Davis has been working on IoS supplement dummies for six weeks
The Independent on Sunday is having a revival in more ways than one.
Over the past four to five weeks its anti-war stance has brought it between 14,000 and 15,000 extra sales each week and on 2 March editor Tristan Davies unveils a much-expanded newspaper boosted by around £2m of investment from Independent News & Media.
At least £1m has gone on the contents and the rest on a promotional campaign targeting upmarket readers.
The revamped IoS will have two new magazines with the main paper: Time Off, a 12-page, newsprint broadsheet devoted to leisure and pleasure, and Talk of the Town, a 48-page glossy aimed at cultured, metropolitan readers. Time Off is edited by features editor Nick Coleman and Talk of the Town by Ian Irvine, former arts editor of The Independent.
Taking travel and its accompanying “downtime” features out of LifeEtc and into Time Off has also allowed Davies to expand the arts and books section.
Research has shown that IoS readers are “younger, more affluent, have more varied lives and interests and are more culturally aware than any of our rivals’ readers”, said Davies.
Talk of the Town sets out to capture new readers within the Carlton TV region. Ninety thousand copies will go out with the newspaper and they may be rolled out across the UK later. “It is going to put the big read back into Sunday papers,” promised Davies. In the dummy there are 4,000- to 5,000-word essays and no photographs until page 20. It will showcase illustrators and cartoonists rather than photographers, giving them a centrespread to comment on aspects of London life.
“The last thing I wanted was to produce just another Sunday supplement,” said Davies. “If you look at them, they are all derivatives of themselves. This is an unashamedly upmarket magazine, a celebration of writing and fine writers – words-heavy. It is a mixture of columns and features, interviews and polemics which celebrate everything that is good and bad and exciting about life in a big city.”

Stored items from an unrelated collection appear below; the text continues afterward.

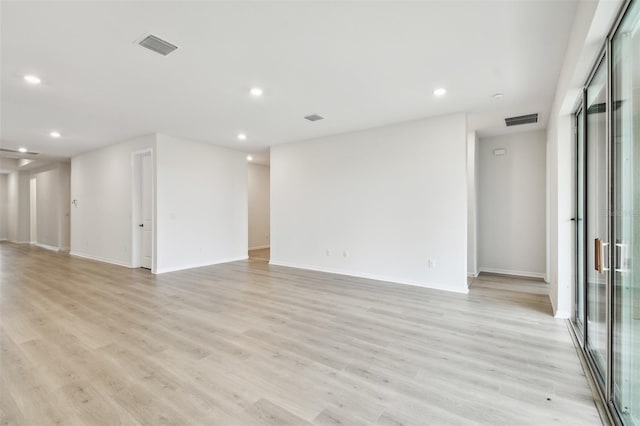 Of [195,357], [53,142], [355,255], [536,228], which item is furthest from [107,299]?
[536,228]

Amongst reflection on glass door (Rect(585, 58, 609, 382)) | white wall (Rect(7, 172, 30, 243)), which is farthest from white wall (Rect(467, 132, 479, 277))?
white wall (Rect(7, 172, 30, 243))

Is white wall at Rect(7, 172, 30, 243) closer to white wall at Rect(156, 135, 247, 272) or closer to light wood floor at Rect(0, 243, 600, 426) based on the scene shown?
light wood floor at Rect(0, 243, 600, 426)

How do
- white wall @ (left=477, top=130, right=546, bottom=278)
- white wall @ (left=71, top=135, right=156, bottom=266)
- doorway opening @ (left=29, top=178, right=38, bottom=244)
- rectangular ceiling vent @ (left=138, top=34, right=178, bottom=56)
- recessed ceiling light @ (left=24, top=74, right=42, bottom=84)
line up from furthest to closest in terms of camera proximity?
doorway opening @ (left=29, top=178, right=38, bottom=244)
white wall @ (left=71, top=135, right=156, bottom=266)
white wall @ (left=477, top=130, right=546, bottom=278)
recessed ceiling light @ (left=24, top=74, right=42, bottom=84)
rectangular ceiling vent @ (left=138, top=34, right=178, bottom=56)

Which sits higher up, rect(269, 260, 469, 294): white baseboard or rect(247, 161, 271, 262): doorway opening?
rect(247, 161, 271, 262): doorway opening

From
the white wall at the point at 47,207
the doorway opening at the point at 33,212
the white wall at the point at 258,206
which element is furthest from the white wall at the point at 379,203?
the doorway opening at the point at 33,212

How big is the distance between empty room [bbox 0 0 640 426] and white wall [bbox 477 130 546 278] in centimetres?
4

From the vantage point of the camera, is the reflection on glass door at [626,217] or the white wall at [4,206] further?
the white wall at [4,206]

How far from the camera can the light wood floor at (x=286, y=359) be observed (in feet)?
6.08

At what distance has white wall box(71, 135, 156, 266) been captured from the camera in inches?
257

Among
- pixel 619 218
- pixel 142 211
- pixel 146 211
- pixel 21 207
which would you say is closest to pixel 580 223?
pixel 619 218

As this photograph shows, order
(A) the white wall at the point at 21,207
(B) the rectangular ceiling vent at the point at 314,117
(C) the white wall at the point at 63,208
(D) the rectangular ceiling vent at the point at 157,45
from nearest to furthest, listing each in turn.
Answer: (D) the rectangular ceiling vent at the point at 157,45, (B) the rectangular ceiling vent at the point at 314,117, (C) the white wall at the point at 63,208, (A) the white wall at the point at 21,207

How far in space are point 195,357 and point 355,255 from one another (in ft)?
11.9

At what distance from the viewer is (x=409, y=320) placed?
338 centimetres

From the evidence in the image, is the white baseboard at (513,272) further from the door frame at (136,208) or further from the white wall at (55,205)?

Talk of the Town will also contain a piece of fiction, a look at London’s past and up to 10 columns under the umbrella title “London Lives”. Listings will be written by IoS critics.
Davies and designer Carolyn Roberts have been working on the dummies since the expansion was given the green light six weeks ago. It can’t be a coincidence the IoS has a new chief executive, Ivan Fallon, who has realised that the Sunday paper needs the same kind of attention the daily has been getting.
Davies believes the IoS is in a better state than it has been for a long time. “There is a lot of confidence about it. We have recaptured the campaigning edge of the paper, a traditional strength, and we alone of the Sundays have been opposed to the war. Editors and writers on this paper were very sure of our ground on where we stood on the war and we were lucky because it absolutely chimes in with what our readers think.”